The Port recently hired four unqualified employees, including two accountants, according to the Civil Service Commission, which reviewed the hiring process for seven port employees at the request of port management.
The accountants didn't meet minimum education requirements for their jobs, according to the commission. The Port in May started an external review of port hiring after it was discovered that the Port had rehired a cargo checker who failed to pass a mandatory federal background check.
The names of the employees who were the subject of the Civil Service audit are confidential, but commission Executive Director Alberto "Tony" Lamorena described them as recently hired.
The port's staffing pattern shows a recent increase in accounting staff in an office that had been running with a supervisor, an accountant and an accounting technician.
The port's "expense accounting section," which between 2007 and late 2011 operated with only three or four employees, added five employees between Oct. 1, 2011, and March 31, 2012, staffing patterns show.
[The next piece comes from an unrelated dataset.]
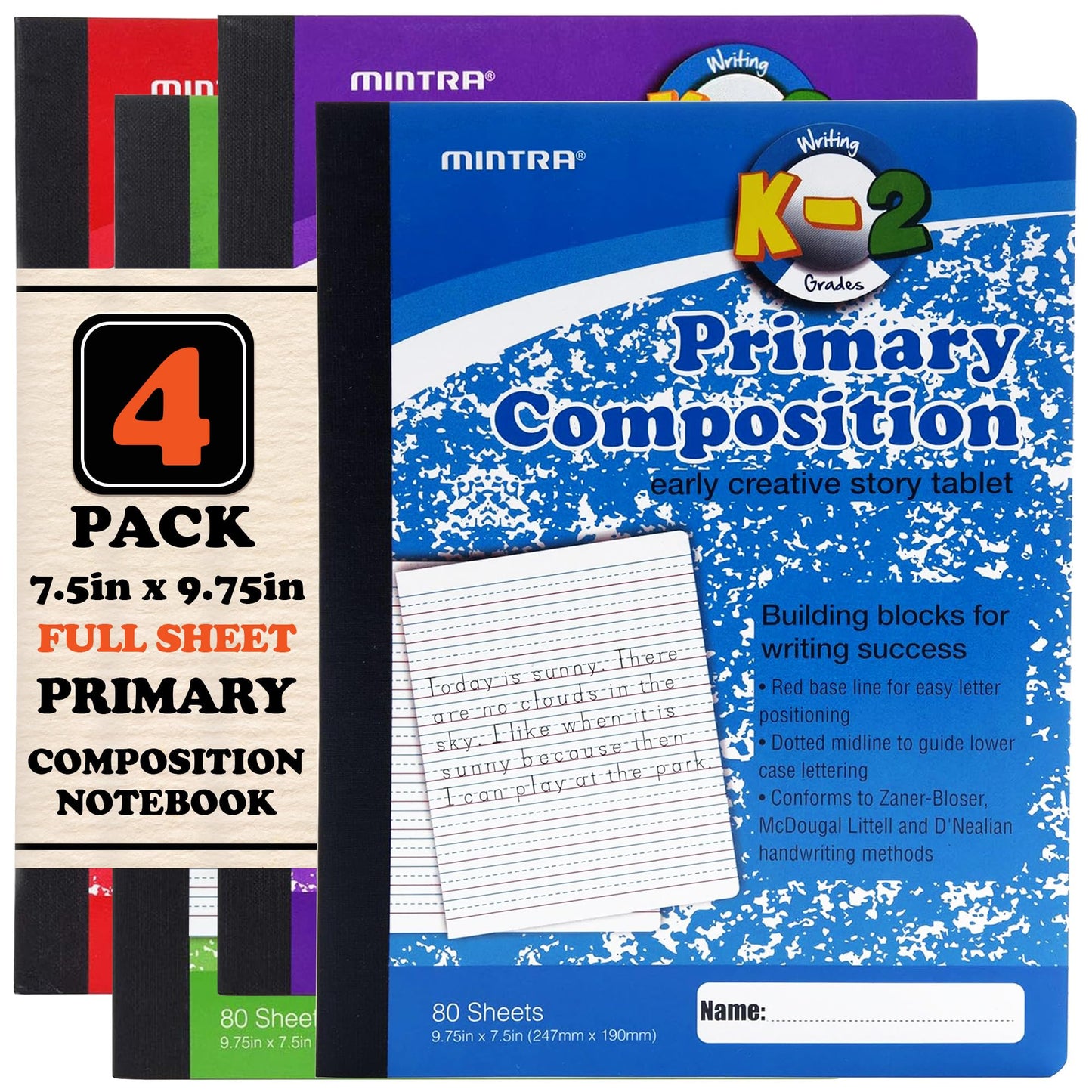 Mintra Primary Composition Notebook, 4 Pack, Assorted Colors 80 Sheets, 7.5in x 9.75in, Full Sheet, Ruled with Drawing Area, Flexible Hardcover Journal, Grade K-2, School & Home Use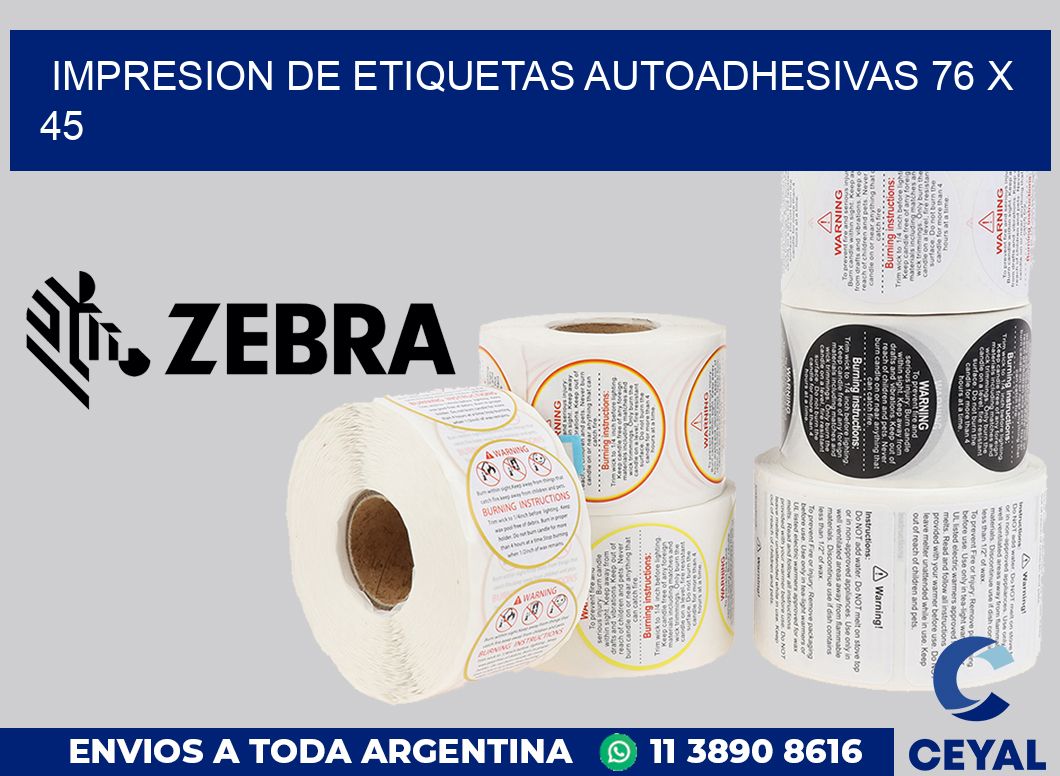 impresion de etiquetas autoadhesivas 76 x 45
Four of those employees are new. The other is an existing port accounting employee who was transferred from a different section, staffing patterns show.
The four new employees in the expense accounting section include: two accountant II's, one accounting technician and one clerk.
The accountant II's were added in late 2011, sometime between Oct. 1 and Dec. 31, according to staffing patterns. Pedro Leon Guerrero was the port's general manager at the time.
The accounting technician and the clerk were added in early 2012, sometime between Jan. 1 and March 31, according to staffing patterns. Leon Guerrero was general manager part of that time, but he was replaced in early February by General Manager Mary Torres.
The cost of salaries and benefits for the accounting section more than doubled because of the additional employees.
It cost $178,921 a year to pay the section's three employees as of September 2011. It cost $414,414 a year to pay the section's eight employees, as of September 2012.
Port officials yesterday were unable to provide a reason for the additional staffing and costs in the port's expense accounting section.
Port General Manager Joanne Brown, who replaced Torres at the port on Monday, said she would need more time to answer the question, but that it raises some issues.
Port board Chairman Dan Tydingco yesterday said the port is working to correct the hiring deficiencies identified by the Civil Service Commission.
Of the seven port personnel files examined by Civil Service, four employees -- the two accountants and two stevedores -- didn't meet minimum job requirements, according to the commission.
Tydingco said the board had instructed the port general manager to work with the commission and the Department of Administration to audit personnel files, and it was port management that decided which files to send out for review.
Tydingco said it is important to ensure the port's personnel office is "doing everything straight and correct."
"There were significant flaws in the personnel process," Tydingco said. "We don't want anybody to cast any shadow on the employees who are working down there."